The Center for Executive Education wrote the educational piece of the grant application and identified the instructor and now is working to create the curriculum design, oversee participant registration and course logistics. The center also will evaluate results and provide quality control for the course as it runs to encourage continuous improvement of the program.

The three-year grant will serve an estimated 5,000 Nashvillians at Financial Empowerment Centers run by United Way of Metropolitan Nashville. Financial counselors will teach clients how to open safe and affordable checking accounts, establish a credit score, maintain a positive balance, decrease debt and maintain savings. The centers also have a strong focus on integrating with other services driving toward self-sufficiency, including benefits enrollment, family stabilization services, workforce training and job placement and housing.

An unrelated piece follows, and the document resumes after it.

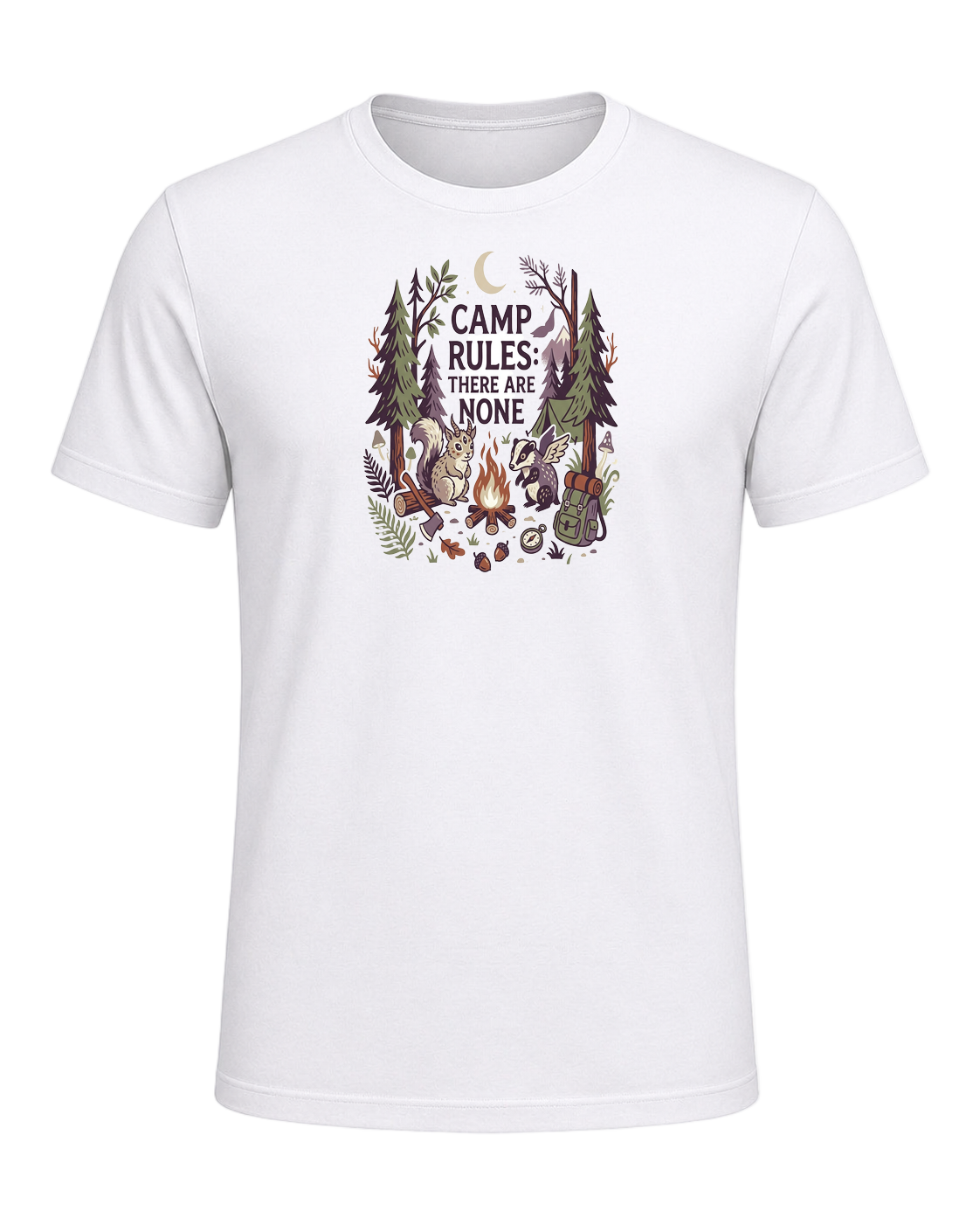 CAMP RULES: THERE ARE NONE — White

“These Financial Empowerment Centers will play a vital role in helping Nashville families move from poverty to financial stability,” said Nashville Mayor Karl Dean. “Making sure individuals and families get personalized financial literacy services will help us build stronger families and a stronger community.”

The centers will open in March at the Levy Place Center in east Nashville and in south Nashville at the Casa Azafran Community Center. Satellite locations will be housed at United Way’s 18 Family Resource Centers, Metro Action Commission, Metro Social Services and state offices that provide welfare benefits through the Temporary Assistance to Needy Families program.

“Providing Nashville’s most at-risk residents with yet another tool to improve their finances is an important element of United Way’s rich portfolio of work in the area of Financial Stability,” AT&T Southeast Region President and incoming 2013 Board Chair of United Way of Metropolitan Nashville Gregg Morton said.

The Financial Empowerment Center initiative is the latest investment from Bloomberg Philanthropies’ Mayors Project, the government innovation program which seeks to spread proven and promising ideas among cities.

“The city of Nashville has demonstrated a real desire to help families achieve long-term financial stability,” said New York City Mayor and philanthropist Michael R. Bloomberg. “The Mayors Project at Bloomberg Philanthropies spreads effective solutions to challenges that cities across the country are facing. We hope through this grant that the effective Financial Empowerment Center model will create measurable change for low-income residents in Nashville.”